Veterinary OSHA & DEA requirements in California

Controlled substances, PDMP, OSHA, x-ray, records, and sharps rules for California veterinary practices. Every regulatory claim is cited to a primary source.

Verified · 2026-07-06

§ 01Controlled-substance registration

Your controlled-substance authority in California rests on two credentials you already hold: your California veterinary license and your federal DEA registration. State law ties prescribing authority directly to the professional license — HSC 11150 names the veterinarian among the licensed practitioners who may write or issue a controlled-substance prescription 1. Beyond that license and the DEA registration, California's controlled-substances law (Division 10 of the Health & Safety Code) imposes no separate state controlled-substance registration on veterinarians, so there is no second "state CS license" to apply for. (That is a verified absence — no Division 10 statute creates such a registration — not an express statement of HSC 11150.)

Your premises must be registered with the Veterinary Medical Board (VMB). Every veterinary premises in California must hold a VMB certificate of registration, and "premises" expressly includes a building, kennel, mobile unit, or vehicle 2. This premises registration is separate from — and in addition to — the DEA registration your practice holds for each location. It is nontransferable, and if the owner or operator changes you must notify the VMB within 30 days 2.

Written controlled-substance prescriptions to a pharmacy must be on a California security prescription form. When you send a controlled-substance prescription out to be filled by a pharmacy (rather than dispensing in-house), it must be written on a serialized, tamper-resistant "California Security Prescription" form from a state-approved security printer, preprinted with your name, license number, and DEA registration number 3. In-office dispensing from your own stock does not use these forms.

Veterinarians are exempt from California's mandatory e-prescribing law. California requires most prescribers to issue prescriptions electronically, but prescriptions "issued by a veterinarian" are exempt 4. You may continue to issue written, oral, or faxed prescriptions.

§ 02Prescription monitoring program (PDMP)

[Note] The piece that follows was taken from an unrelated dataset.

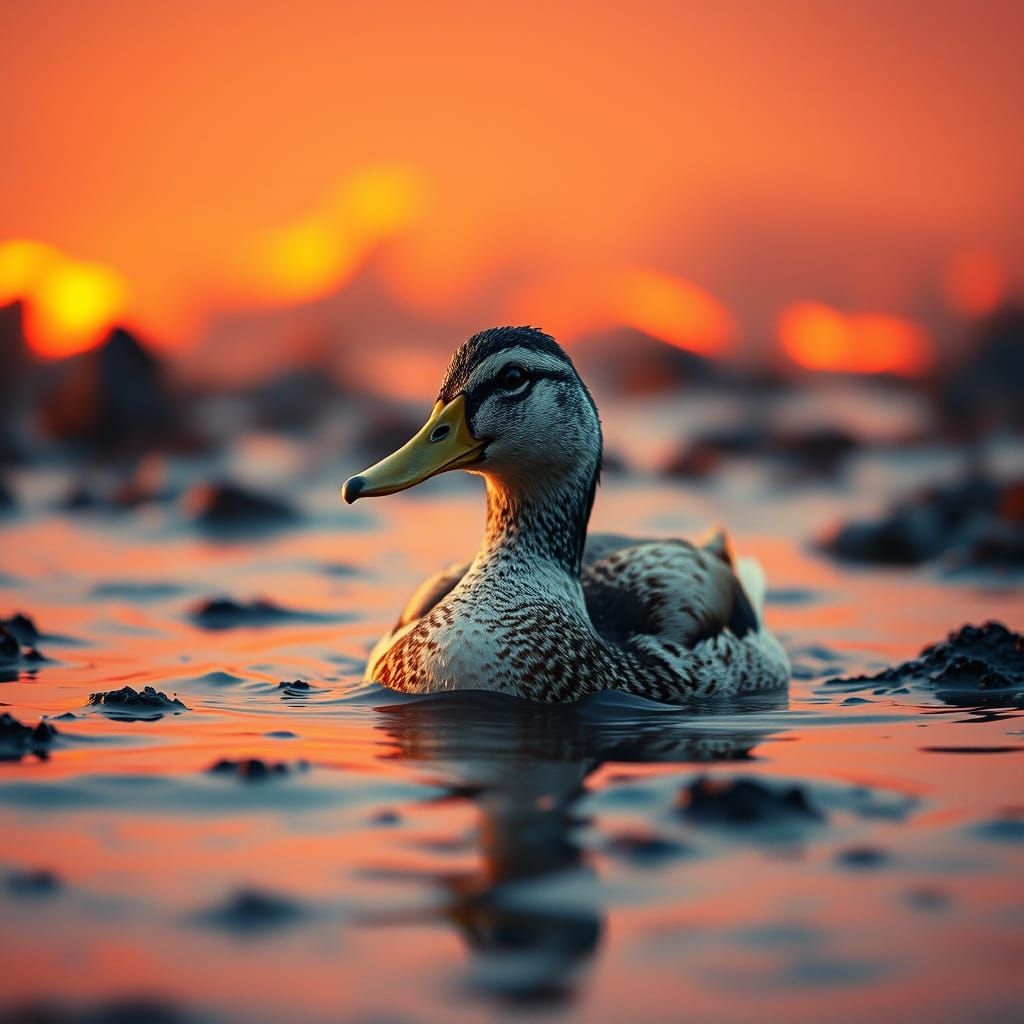 Duck in Lava: A Cinematic Study in Warm Tones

California's prescription drug monitoring program is CURES (Controlled Substance Utilization Review and Evaluation System), run by the California Department of Justice. The veterinary carve-outs are specific — one duty is waived, but two apply to you.

You must register with CURES. Any practitioner authorized to prescribe, order, administer, furnish, or dispense Schedule II–V controlled substances must, upon receiving a DEA registration, apply to the Department of Justice for CURES access 5. This registration is mandatory for a DEA-registered veterinarian; it is not optional.

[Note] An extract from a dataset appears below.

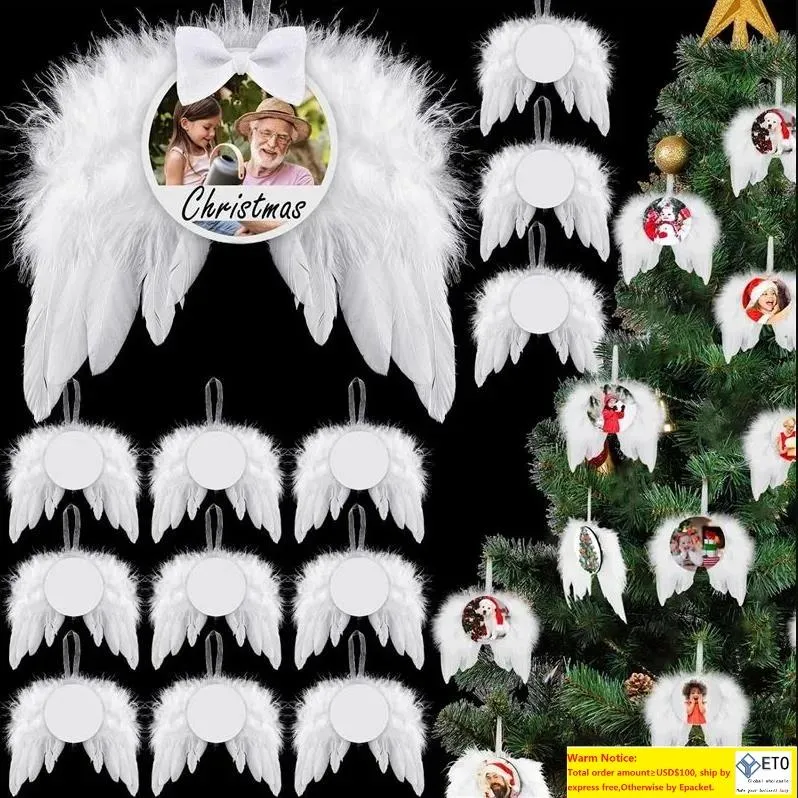 Sublimation aile d'ange ornements décorations de noël MDF Double face arbre de noël étiquette suspendue en gros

You must report what you dispense — within seven days. For each Schedule II–V controlled substance you dispense from your own stock, your practice is a "dispenser" and must report the dispensing to CURES. Pharmacies and other dispensers have one working day; veterinarians are given a longer window — no more than seven days after the date the controlled substance is dispensed 6. Controlled-substance prescriptions you send to an outside pharmacy are reported by that pharmacy, not by you 7.

You are exempt from the duty to consult (query) CURES. California requires most prescribers to review a patient's CURES history before prescribing and every six months thereafter. That consultation duty "does not apply to veterinarians or pharmacists" 8. You are not required to run a CURES query before prescribing.

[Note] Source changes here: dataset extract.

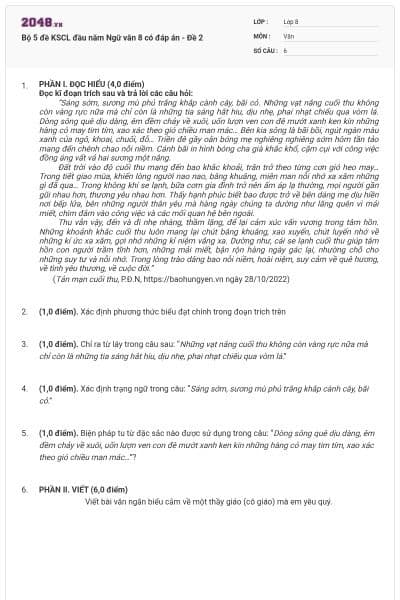 Bộ 5 đề KSCL đầu năm Ngữ văn 8 có đáp án - Đề 2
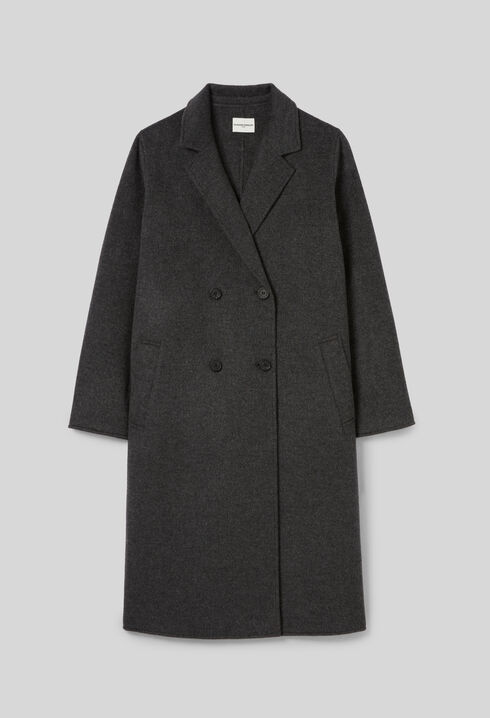 Manteau laine double face gris chiné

§ 03OSHA: federal or state plan?

California runs its own OSHA-approved State Plan (Cal/OSHA), which "cover[s] most private sector workers and all state and local government workers" 9. Cal/OSHA is at least as protective as federal OSHA and adds requirements the federal baseline in this plan does not contain. The material deltas for a veterinary practice:

1. Injury and Illness Prevention Program (IIPP) — a required written program the federal plan lacks. Every California employer must "establish, implement and maintain an effective Injury and Illness Prevention Program," in writing, containing at minimum: the person responsible for the program; a system to ensure safe work practices; a system for communicating with employees about safety; procedures to identify and evaluate workplace hazards through scheduled periodic inspections; a procedure to investigate injuries and illnesses; methods to correct unsafe conditions; and training and instruction 10. Many of these elements are already covered by sections of this Safety Plan, but California requires them assembled and maintained as a distinct written IIPP. Practice policy: your designated safety officer maintains the written IIPP and the records of inspections and training that Section 3203 requires. Employers with fewer than 10 employees may communicate the required safe-work-practice instructions orally, but still must have the IIPP 10.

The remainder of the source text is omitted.